Em toda minha vida de Igreja, já vi algumas coisas: desde a aversão até quase filiação de uma igreja a um partido político ("quase" porque as pessoas que se filiaram e não a instituição), que  infelizmente, defendia/defende muita coisa anti-cristã. Mas, graças a Deus, também vi líderes alertando seu povo contra as pessoas que defendem coisas anti-bíblicas. Inclusive citando nomes, pra deixa bem claro. E tudo isso, não era falando mal da pessoa por falar, mas mostrando biblicamente que o que ela defende e as intenções dela caso fosse eleita são coisas que a bíblia condena.

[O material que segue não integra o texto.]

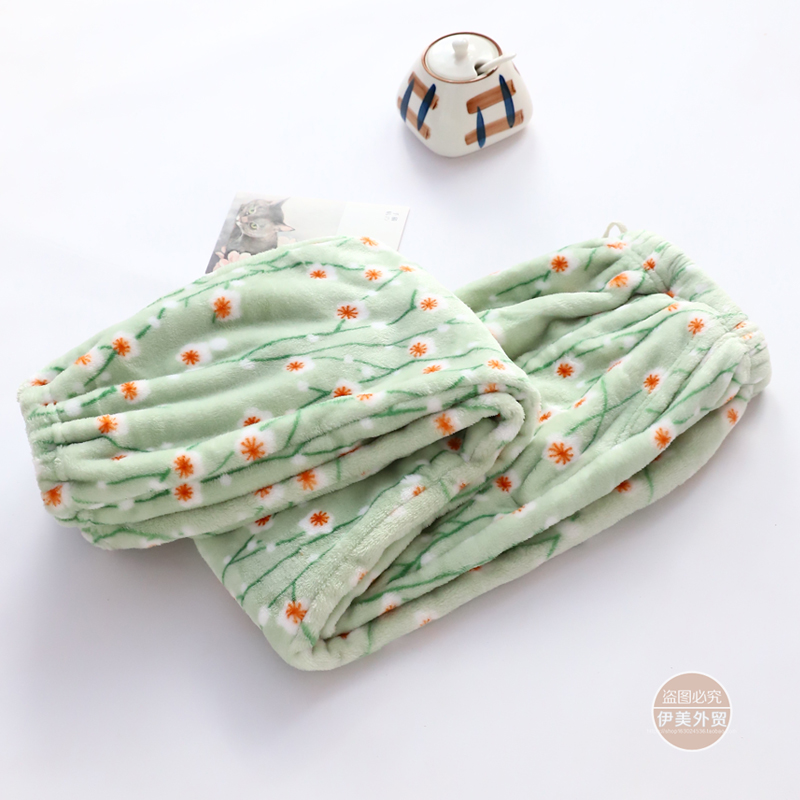 Flannel Pyjama Đàn ông và Phụ nữ Cặp đôi Mùa thu và Mùa đông Làm dày Quần nhà Kích thước chân Đóng quần San hô quần sịp nam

Vou falar aqui um fato pessoal sobre política: quando eu era pequena, nem podia votar, mas já orava para que uma determinada pessoa não ganhasse as eleições. (de um partido que o Felipe Sabino fala no prefácio e Franklin Ferreira no seu livro). Quando me perguntavam o motivo eu dizia que era porque ele ia fechar as igrejas. Uma pessoa um dia falou que era impossível ele fechar as igrejas, mas, agora, ela e eu sabemos que é possível sim e não estou falando desse momento de pandemia, mas sim de países assim onde é crime ser cristão  (e olhe que na época não sabia de nada sobre socialismo/comunismo). Até mesmo essa pessoa mudou a visão política depois de pedir a Deus esclarecimento, ler mais e viver na prática as consequências da maneira de gerir dessa pessoa que eu tinha medo que ganhasse. Mas ela ganhou e ainda elegeu sucessora! Entretanto, assim como o Felipe Sabino falou no prefácio, a política não é nosso Messias, por isso não nos desesperamos quando nosso candidato perde, pois sabemos que Deus pode livremente castigar determinado lugar colocando algumas pessoas no poder (vemos isso na Bíblia).

Assim, concluo esse texto pedindo que Deus dê sabedoria a seu povo, pois este é chamado para exercer sua fé não apenas dentro da igreja, mas no mundo, influenciado a sociedade, para o bem comum e a glória da Deus.